As the world’s foremost investment manager and financial market journalist, I am here to provide you with the most up-to-date information on the current state of the gold market. With gold, silver, and gold stocks reaching overbought levels, many investors were anticipating a pause in the action. The recent margin hike announcement for Shanghai gold contracts on April 12 served as the catalyst to cap the rally. Now, the big question on investors’ minds is, what comes next?

Analyzing the technical indicators, we can see that a bull flag formation is a likely scenario after the recent “flagpole” move higher on the weekly chart. Oscillators such as RSI and Stochastics are significantly overbought, indicating a potential pullback to the 50 zone, which could act as a launching pad for a new surge in momentum.

Looking at the weekly sentiment index chart, we see that it is also overbought. A bull flag formation that takes about a month to form would likely see the sentiment index pull back to its momentum zone of 50. On the short-term chart, if a bull flag pattern unfolds on the weekly chart, the most probable end zone would be between $2220 and $2150.

I recommend buying gold bullion at $2265, while for silver and gold stocks, the focus should be on the $2220-$2150 zone. It is possible that gold may bottom out and resume its rally or range trade between $2432 and $2300. However, for optimal buying opportunities, investors should choose prices and set-ups that offer the highest probability of success.

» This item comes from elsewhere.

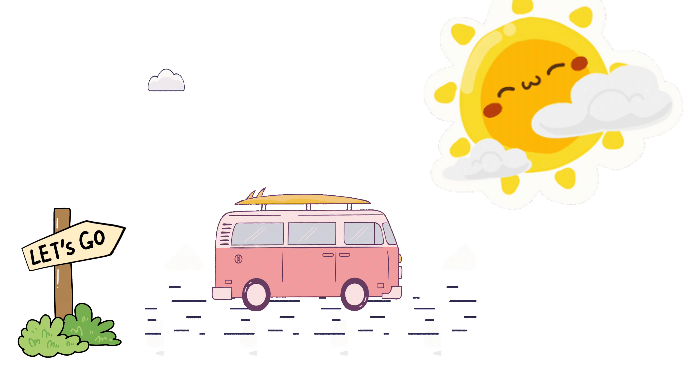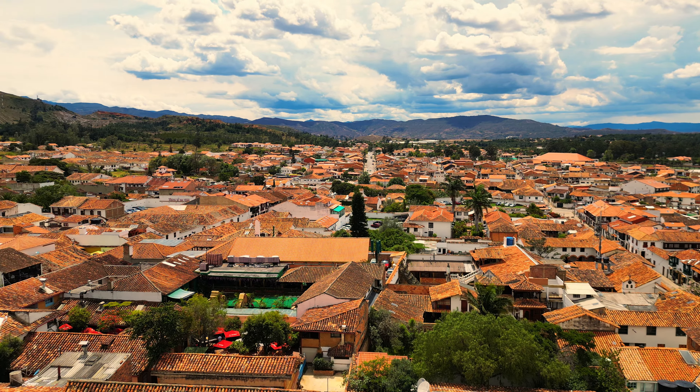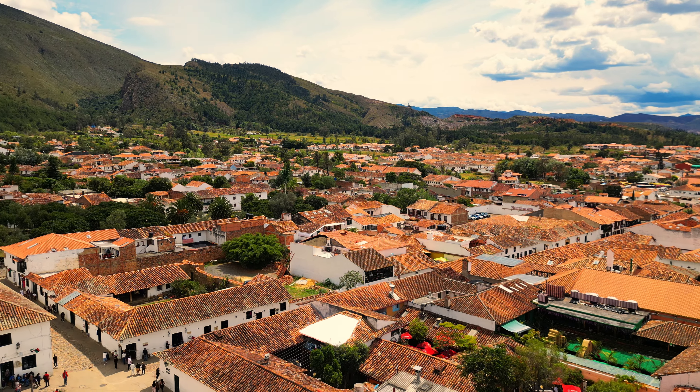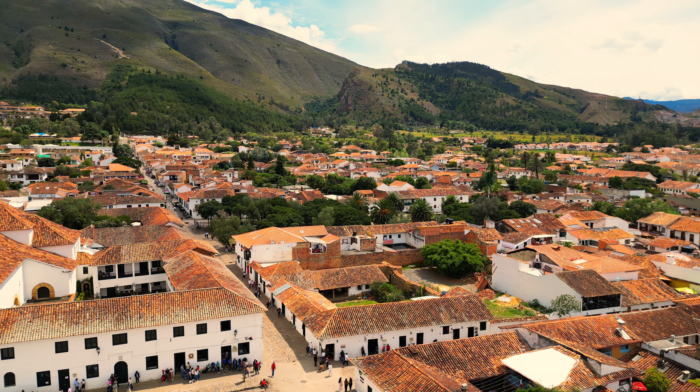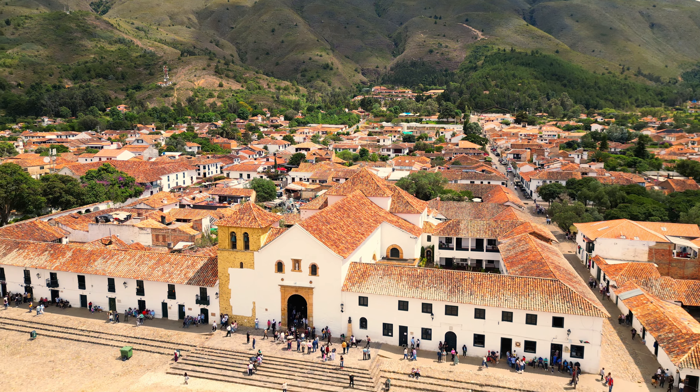This is Villa de Leyva. Villa de Leyva is a charming colonial town in the department of Boyacá, Colombia. The town has retained its original colonial style and architecture, with cobblestone streets, a large central plaza, and many old buildings. This small town is one of the few towns in Colombia to have preserved its historical character over 400 years. The best thing to do in Villa de Leyva is to explore the charming streets on foot — the town is small and easy to navigate.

In summary, gold can be bought at $2265, $2220, and $2060, while silver and mining stocks are attractive buys at $2220 and $2060. The size of the buys should be determined based on the action of the technical oscillators.

Furthermore, it is crucial for investors to adopt the mindset of acquiring more gold, as the long-term target for fiat currency against gold is zero. While the West focuses on fiat profits and market trends, the East continues to accumulate gold for emotional tranquility and financial peace of mind.

As the US dollar and interest rates reach their peaks, the stock market may be headed for a summer peak, with a potential crash on the horizon. If the stock market crashes leading up to the US election, the Fed may cut rates regardless of high inflation.

In conclusion, gold stocks present an opportunity for significant profits if bought at key zones for gold. While they may be overbought on medium-term charts, the long-term charts suggest that they are undervalued. Focus on the $2220-$2150 zone for gold, as this may signal a buying opportunity for gold stocks as well.

In essence, by understanding the current state of the gold market and making informed investment decisions, investors can position themselves for success and financial stability in the uncertain times ahead.